The stock market has recently witnessed a remarkable surge, fueled by a phenomenon known as “FOMO”—the fear of missing out. Investors have been eager to maintain or increase their equity positions, spurred by the anticipation of greater returns. However, Ed Yardeni from Yardeni Research has introduced an intriguing concept to explain the current market dynamics: “FEMO,” which stands for “fabulous earnings momentum.” This shift highlights a focus on robust earnings growth that analysts are struggling to keep up with in terms of projections.

The Role of FEMO in Market Growth

Yardeni emphasizes that this year has been characterized by strong earnings momentum, which he believes is the primary driver behind stock price increases. Specifically, forward earnings estimates for the S&P 500 have surged by 14.4%, setting new records. In contrast, the average price-to-earnings (P/E) ratio has decreased by 4.6%, even as the S&P 500 has increased more than 9%, reaching all-time highs. Ultimately, the health of the stock market boils down to one critical question: Are earnings on the rise or in decline? Despite external factors such as fluctuating oil prices, the prevailing sentiment among investors is that expectations for profit growth remain high, encouraging ongoing stock purchases.

Market Fundamentals and Earnings Outlook

“The entire rally has been driven by forward earnings,” Yardeni continued, noting that while FOMO can inflate the P/E ratio, the current market is demonstrating a different trend. Market fundamentals appear to be solid, with analysts predicting significant growth—a staggering 21% or more increase in S&P 500 earnings for the upcoming second, third, and fourth quarters. If these projections come to fruition, overall profit growth for 2026 could reach 22.1% compared to the previous year. This optimistic outlook exists even as the S&P 500 has only gained 9% this year, underscoring the strength of underlying fundamentals.

Causal Relationships in Market Performance

Notably, Adam Parker, founder of Trivariate Research, has pointed out that, for the most part, market performance has remained closely linked to fundamental economic factors at both the market and sector level. Despite this, it is essential to acknowledge that broader macroeconomic influences, like international conflicts, continue to play a role in shaping market sentiment. For instance, the S&P 500 quietly achieved its eighth consecutive winning week, largely buoyed by hopes of a resolution to the U.S.-Iran situation. Following a holiday closure for Memorial Day, U.S. equity markets further advanced when President Trump indicated that negotiations were progressing positively.

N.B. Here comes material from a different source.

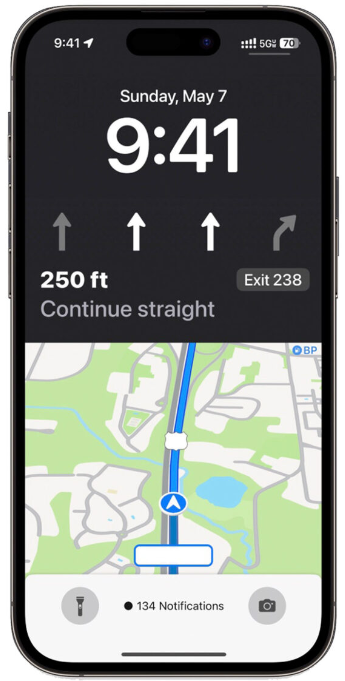 iOS 17 这功能令人期待！Apple Maps 终于不再占据整个iPhone 锁定画面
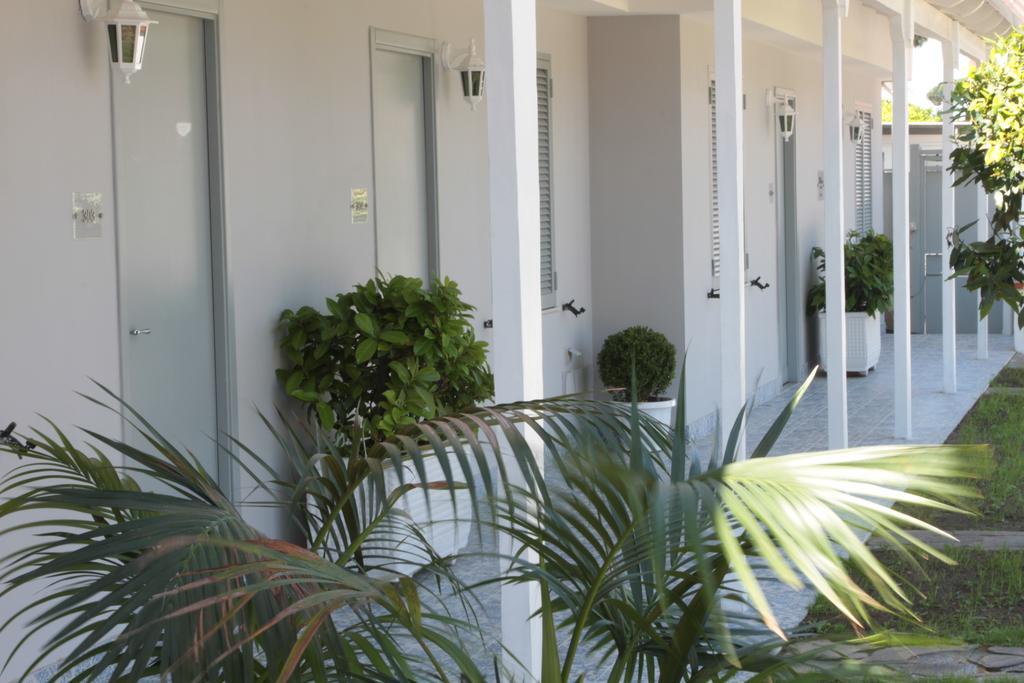 Hotel Barbarella Giugliano In Campania Zimmer foto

The Key Takeaway: Investors’ Focus on Earnings

In summary, while fear of missing out has driven investor behavior for some time, it is the robust earnings momentum—FEMO—that has emerged as the key underlying force propelling the market forward. With analysts struggling to keep pace with rising earnings forecasts, investor confidence has remained strong, leading to increased purchasing activities despite other market uncertainties. As we look ahead, the relationship between earnings growth and stock market performance will continue to be a focal point for investors seeking sustainable growth. The prevailing sentiment is that as long as earnings growth remains consistent, the desire to invest will likely continue, underscoring the importance of monitoring these earnings trends in the months to come.